Nvidia Says Rubin CPX Inference Accelerator Coming in 2026

Nvidia has designed a new class of GPU for massive-context inference, the Rubin CPX, due in late 2026. Purpose-built to speed the million-token applications used to generate video and create software, the Rubin CPX functions as a specialty accelerator, working in concert with Nvidia Vera CPUs and Rubin GPUs packaged inside the upcoming Vera Rubin NVL144 CPX rack platform. “The Vera Rubin platform will mark another leap in the frontier of AI computing,” revolutionizing massive-context AI just as RTX did graphics and physical AI, said Nvidia CEO Jensen Huang.

The Rubin CPX GPU evolved from the new Rubin product line Nvidia is rolling out next year.
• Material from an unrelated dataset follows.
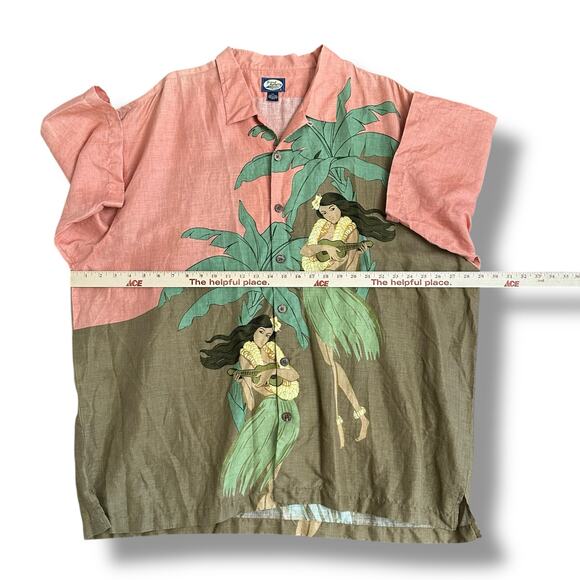 Tommy Bahama Men’s XXL 100% Linen Hawaiian Camp Shirt Hula Girl Palm Tree Print - Picture 3 of 10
Tom’s Hardware describes it as “a workhorse for the compute-intensive context phase of disaggregated inference” while the standard Rubin GPU will handle the “memory- and bandwidth-limited generation phase.”

“Video generation is rapidly advancing toward longer context and more flexible, agent-driven creative workflows,” Runway CEO Cristóbal Valenzuela said in Nvidia’s announcement, describing the Rubin CPX as “a major leap in performance” for demanding workloads, ultimately helping the industry toward “unprecedented speed, realism and control” in intelligent creative tools.

The Rubin CPX delivers up to 30 petaflops of compute with NVFP4 precision and features 128GB of GDDR7 memory “to accelerate the most demanding context-based workloads,” according to Nvidia.

AI inference is comprised of two main steps, reports SiliconANGLE noting that “first, an AI model analyzes the information on which it will draw to answer the user’s prompt,” then, when the analysis is complete, “the algorithm generates its prompt response one token at a time.”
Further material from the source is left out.